DATASET CONTENT >>
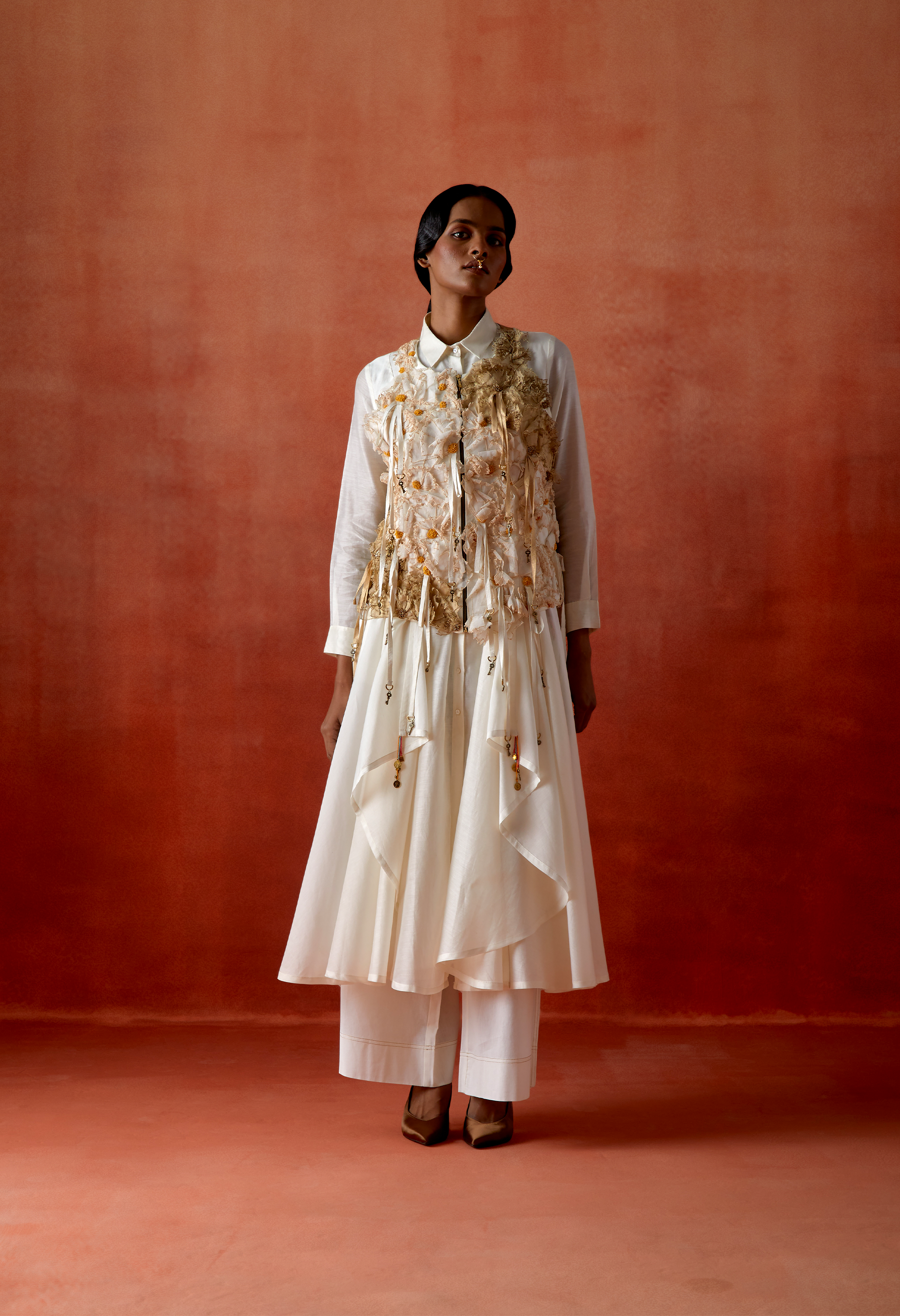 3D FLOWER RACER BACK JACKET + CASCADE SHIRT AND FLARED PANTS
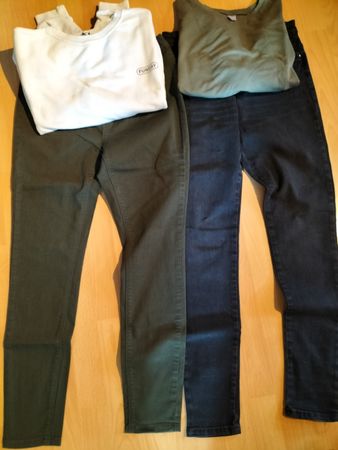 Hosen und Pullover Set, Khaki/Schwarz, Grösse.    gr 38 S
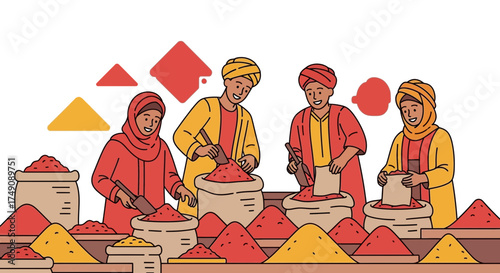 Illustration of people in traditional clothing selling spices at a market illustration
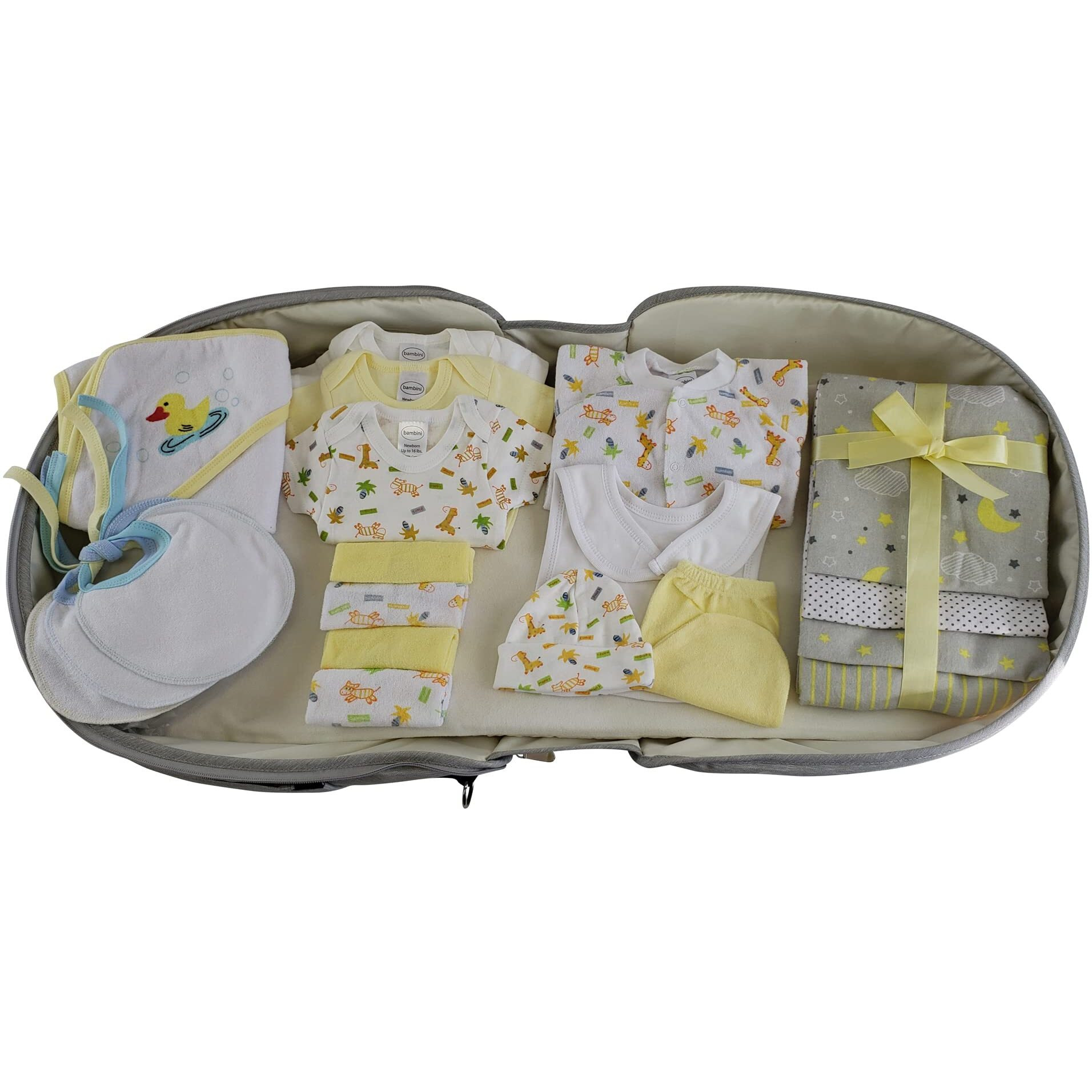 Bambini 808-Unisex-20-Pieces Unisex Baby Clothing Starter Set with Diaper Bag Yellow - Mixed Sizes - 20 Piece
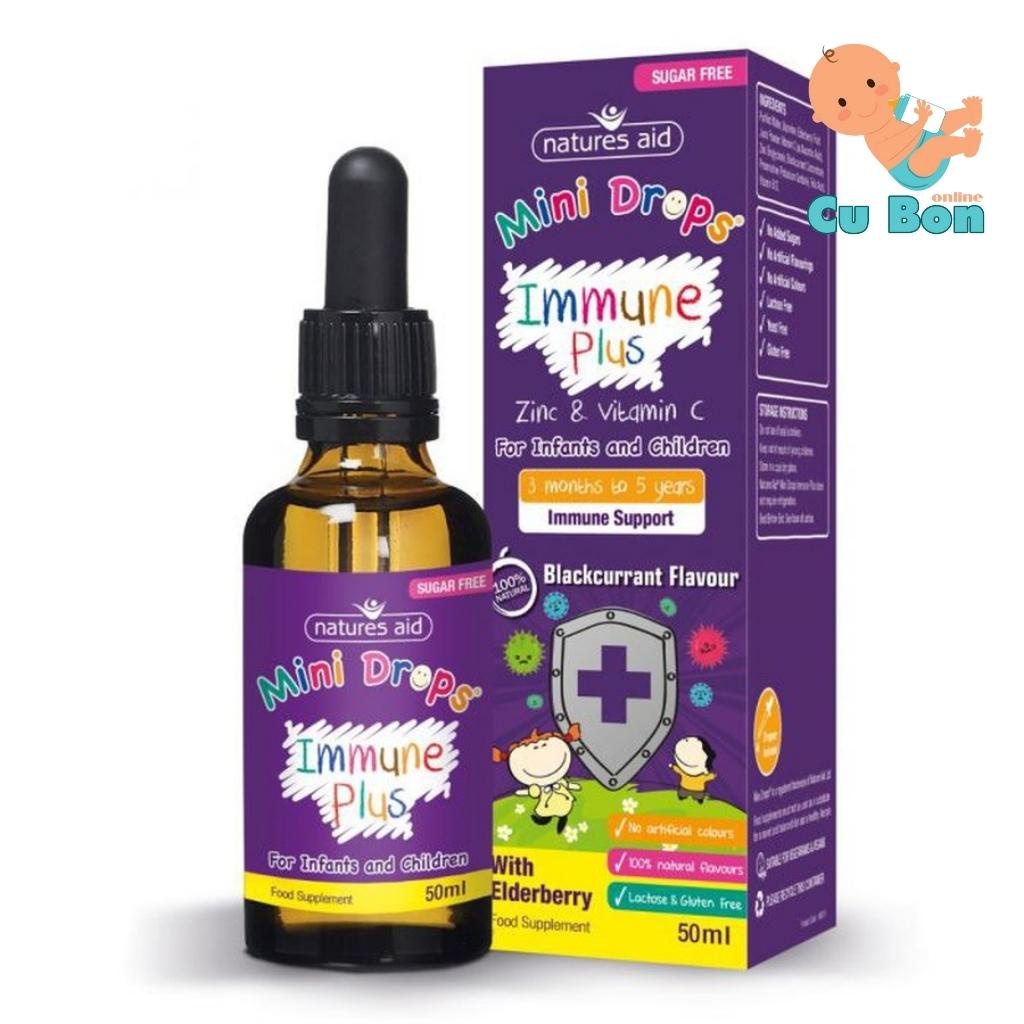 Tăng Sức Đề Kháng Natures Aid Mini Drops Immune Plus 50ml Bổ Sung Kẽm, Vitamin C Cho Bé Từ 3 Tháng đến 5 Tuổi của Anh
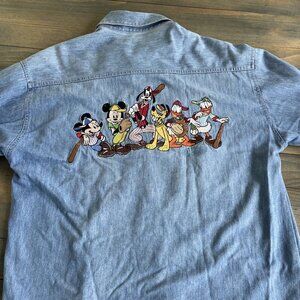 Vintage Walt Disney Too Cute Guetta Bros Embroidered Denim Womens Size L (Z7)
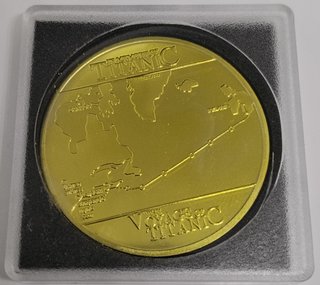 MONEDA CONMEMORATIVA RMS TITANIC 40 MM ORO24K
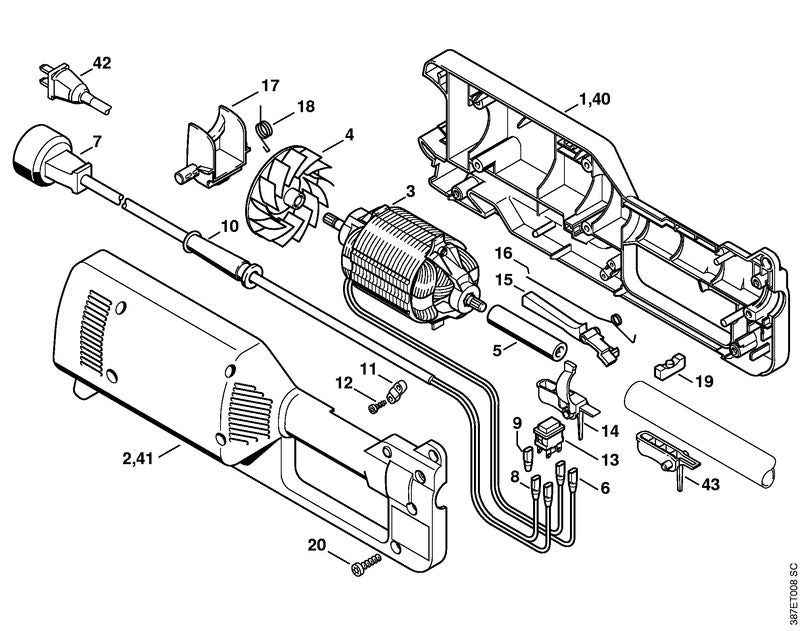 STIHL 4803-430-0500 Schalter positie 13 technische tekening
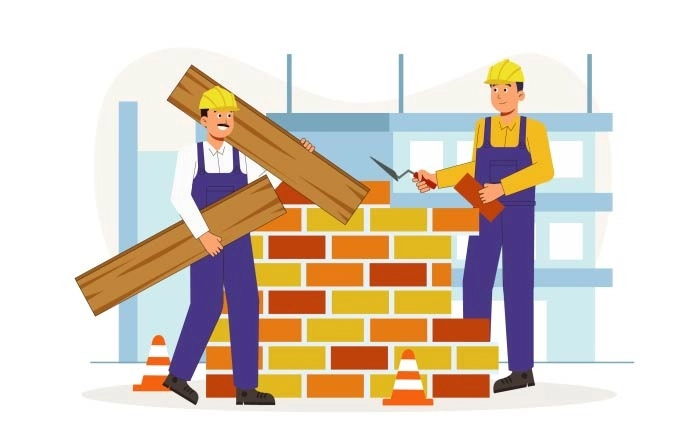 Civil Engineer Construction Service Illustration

YOUR ASSIGNMENT >> Nothing but the lines from the one containing "Tăng Sức Đề" to the last line of the records should be returned, exactly as they appear and without pictures.

SOLUTION TO THE EXERCISE >>
 Tăng Sức Đề Kháng Natures Aid Mini Drops Immune Plus 50ml Bổ Sung Kẽm, Vitamin C Cho Bé Từ 3 Tháng đến 5 Tuổi của Anh
 Vintage Walt Disney Too Cute Guetta Bros Embroidered Denim Womens Size L (Z7)
 MONEDA CONMEMORATIVA RMS TITANIC 40 MM ORO24K
 STIHL 4803-430-0500 Schalter positie 13 technische tekening
 Civil Engineer Construction Service Illustration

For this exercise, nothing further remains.